> Instructions for the task
Would you repeat each of the lines below exactly?

> Data in this exercise
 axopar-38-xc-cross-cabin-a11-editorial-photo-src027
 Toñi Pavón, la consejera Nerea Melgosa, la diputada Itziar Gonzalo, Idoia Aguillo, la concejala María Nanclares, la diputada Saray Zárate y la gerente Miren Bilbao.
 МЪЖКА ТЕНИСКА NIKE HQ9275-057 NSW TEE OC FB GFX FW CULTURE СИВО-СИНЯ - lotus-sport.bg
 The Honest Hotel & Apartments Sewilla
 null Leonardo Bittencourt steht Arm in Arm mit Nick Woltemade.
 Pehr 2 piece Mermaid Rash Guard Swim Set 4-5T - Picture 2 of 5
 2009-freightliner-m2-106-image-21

> Answer to this task
 axopar-38-xc-cross-cabin-a11-editorial-photo-src027
 Toñi Pavón, la consejera Nerea Melgosa, la diputada Itziar Gonzalo, Idoia Aguillo, la concejala María Nanclares, la diputada Saray Zárate y la gerente Miren Bilbao.
 МЪЖКА ТЕНИСКА NIKE HQ9275-057 NSW TEE OC FB GFX FW CULTURE СИВО-СИНЯ - lotus-sport.bg
 The Honest Hotel & Apartments Sewilla
 null Leonardo Bittencourt steht Arm in Arm mit Nick Woltemade.
 Pehr 2 piece Mermaid Rash Guard Swim Set 4-5T - Picture 2 of 5
 2009-freightliner-m2-106-image-21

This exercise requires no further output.